::: INFORMATION
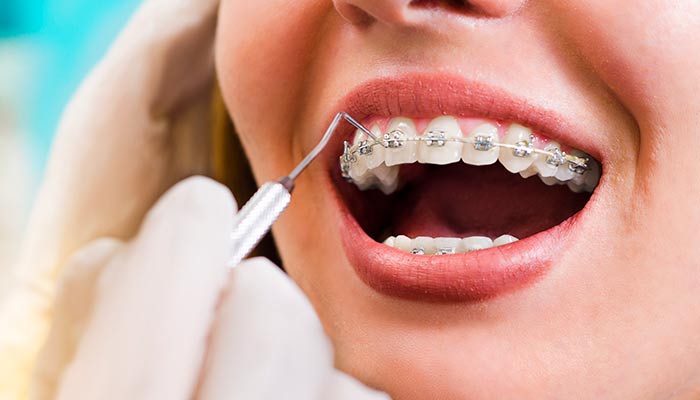 چه زمانی نیاز به ارتودنسی دندان است؟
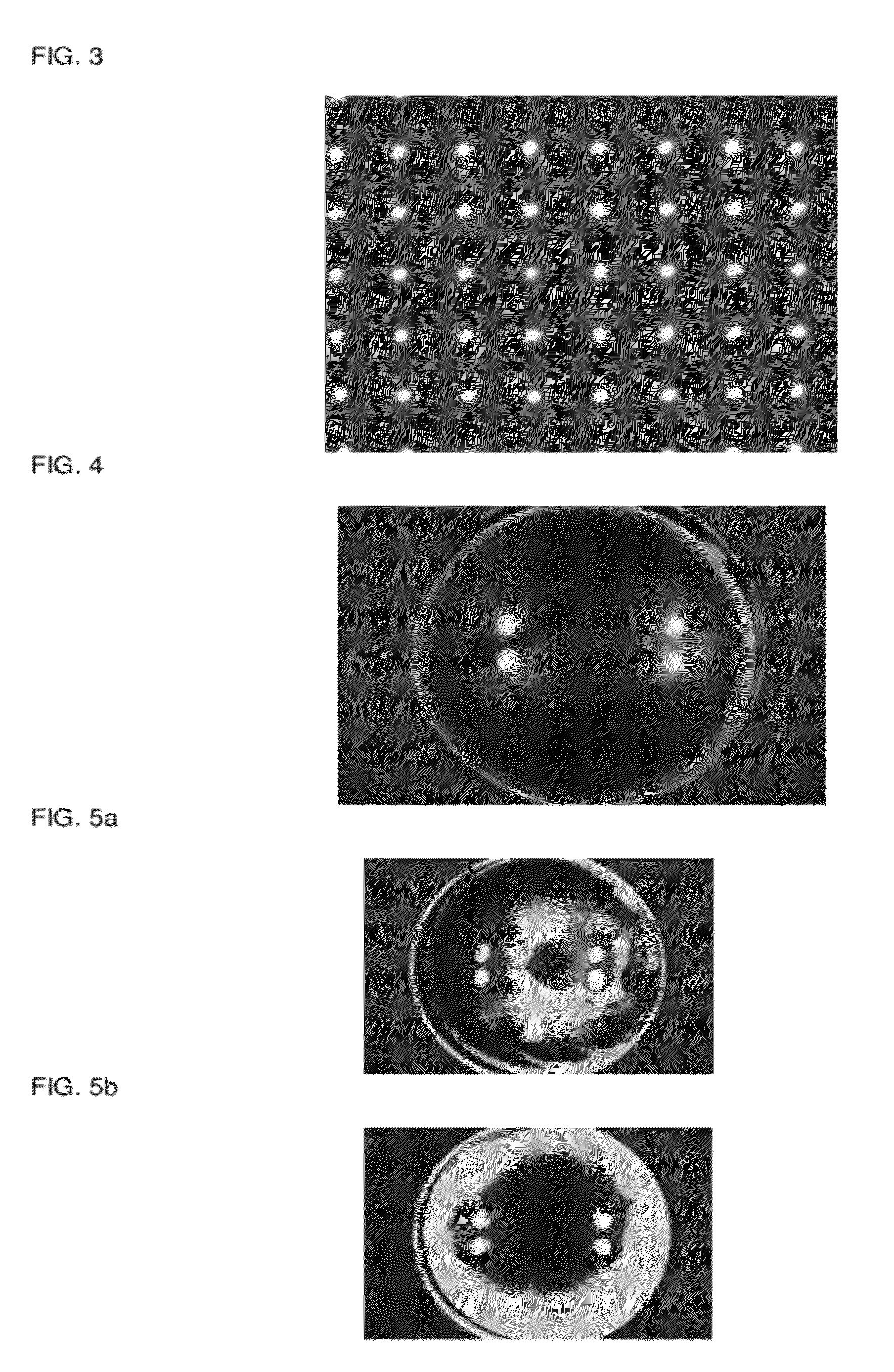 Automatic Refracto-Keratometer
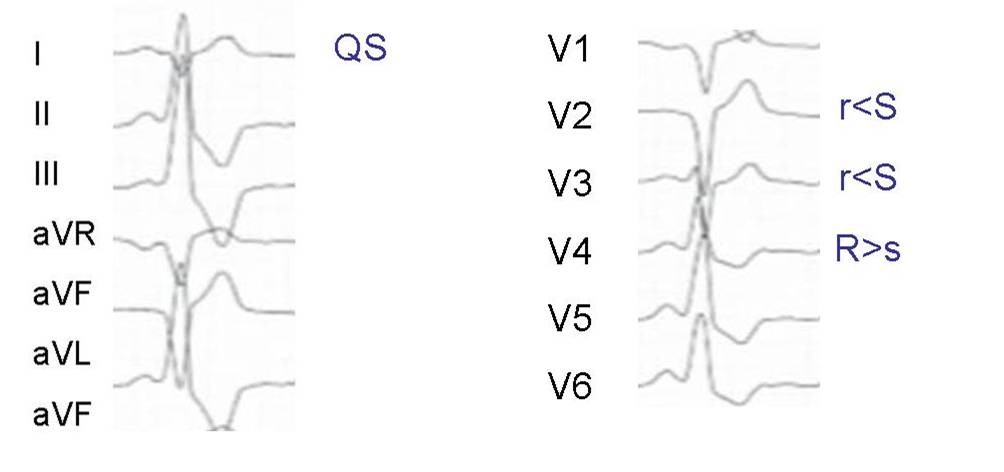 Abbildung 4: Klinische VES des aktuellen Falles mit Ursprung im RVOT, anterior (anterolateral) und superior. Quelle: Benedictus Krankenhaus, Tutzing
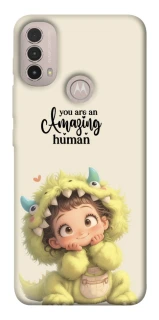 Чехол на Motorola Moto E40 You are amazing фото 1 из 1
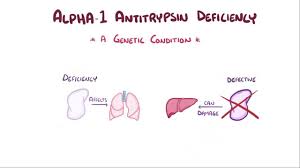 Alpha 1 Antitrypsin Deficiency Osmosis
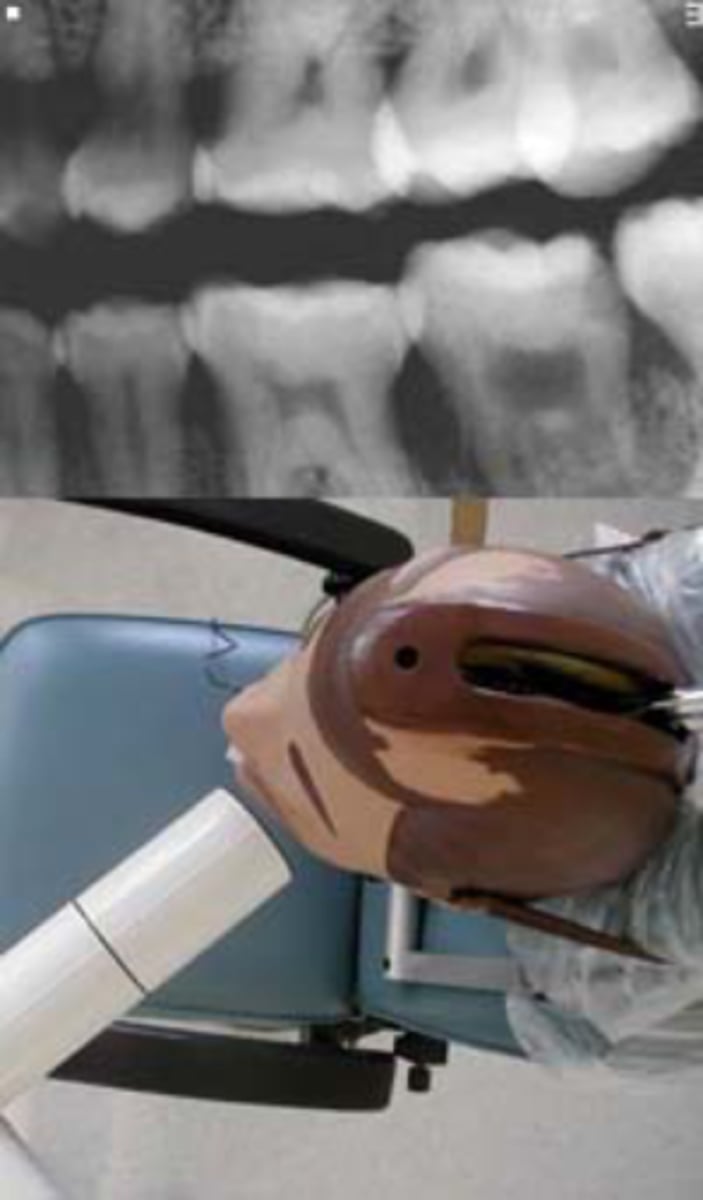 <p>-The x-ray beam is directed obliquely from mesial to distal</p><p>Cause - If overlapping is more severe in the posterior region, cone is angled too much form the mesial.</p><p>Correction - Shift the PID toward the posterior or direct the CR more from the distal</p>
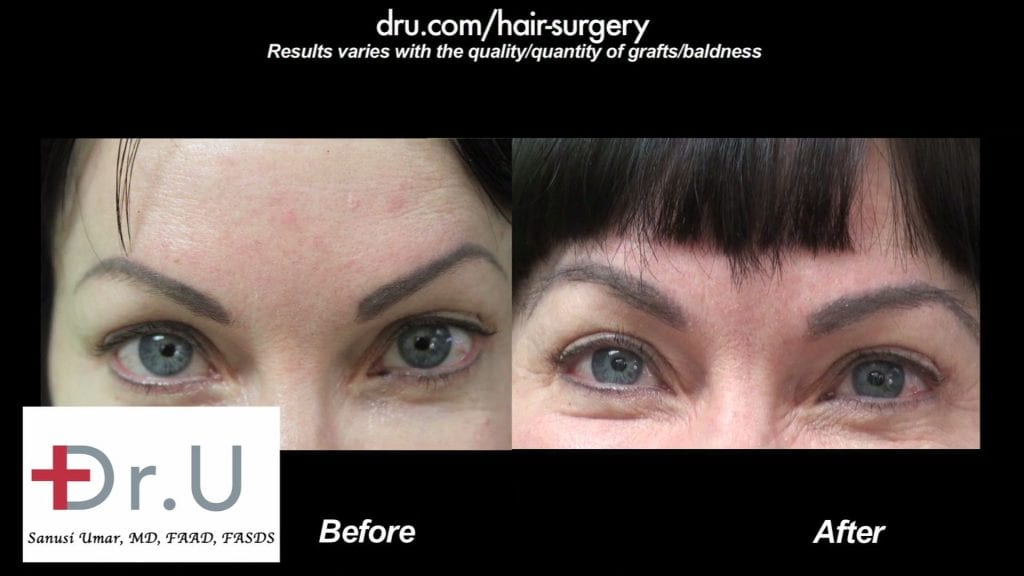 Eyebrow Hair Transplant Covers Eyebrow Tattoo Using Dr UGraft In Los Angeles Patient Before and After Photos Eyebrow Hair Transplant Covers Eyebrow Tattoo Using Dr UGraft In Los Angeles Patient Before and After Photos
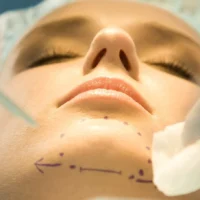 چگونه جراحی غبغب به جوان سازی چهره کمک میکند؟ جراحی غبغب, جوان سازی چهره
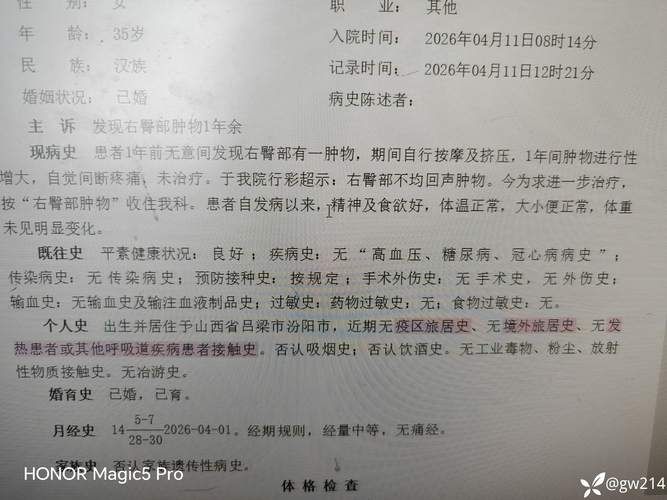 【阿里地区现有核酸阳性28例,阿里河最新确诊病例】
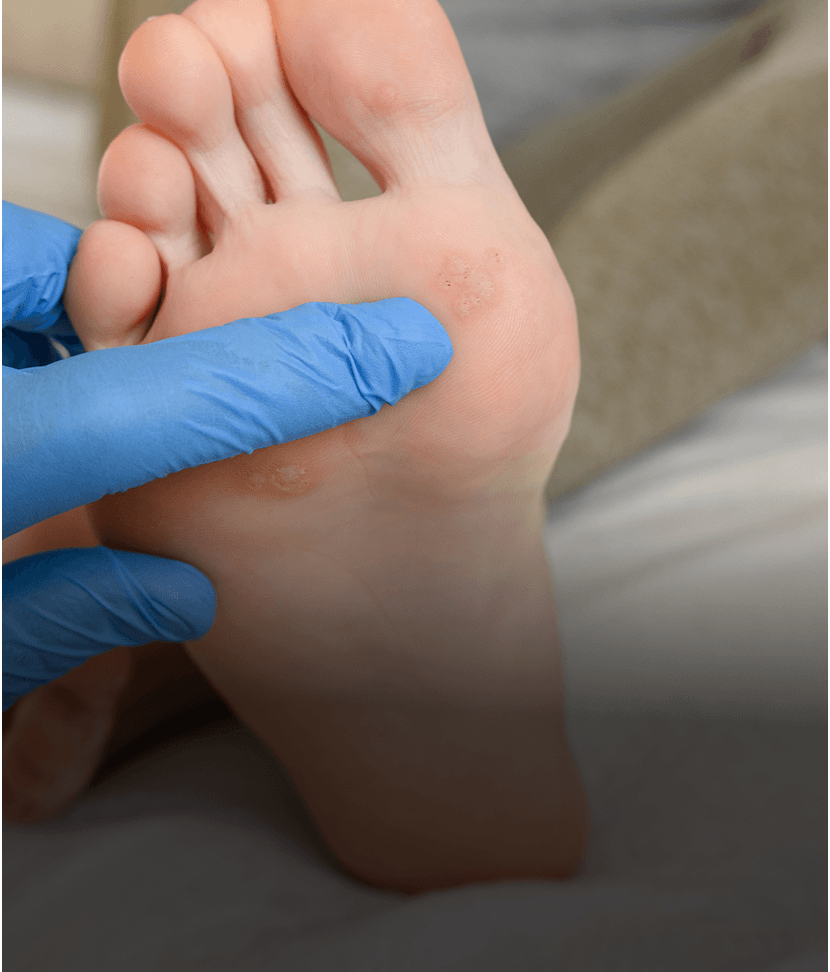 Gloved hand examining foot for warts.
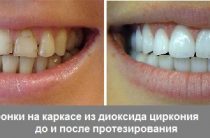 Улучшение зубов и улыбки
::::::
* _YOUR GOAL_: Starting with the first line of the data, transcribe every line exactly through the one containing "Alpha 1 Antitrypsin Deficiency Osmosis". No pictures go in.

* _OUTPUT FOR THIS TASK_:
 چه زمانی نیاز به ارتودنسی دندان است؟
 Automatic Refracto-Keratometer
 Abbildung 4: Klinische VES des aktuellen Falles mit Ursprung im RVOT, anterior (anterolateral) und superior. Quelle: Benedictus Krankenhaus, Tutzing
 Чехол на Motorola Moto E40 You are amazing фото 1 из 1
 Alpha 1 Antitrypsin Deficiency Osmosis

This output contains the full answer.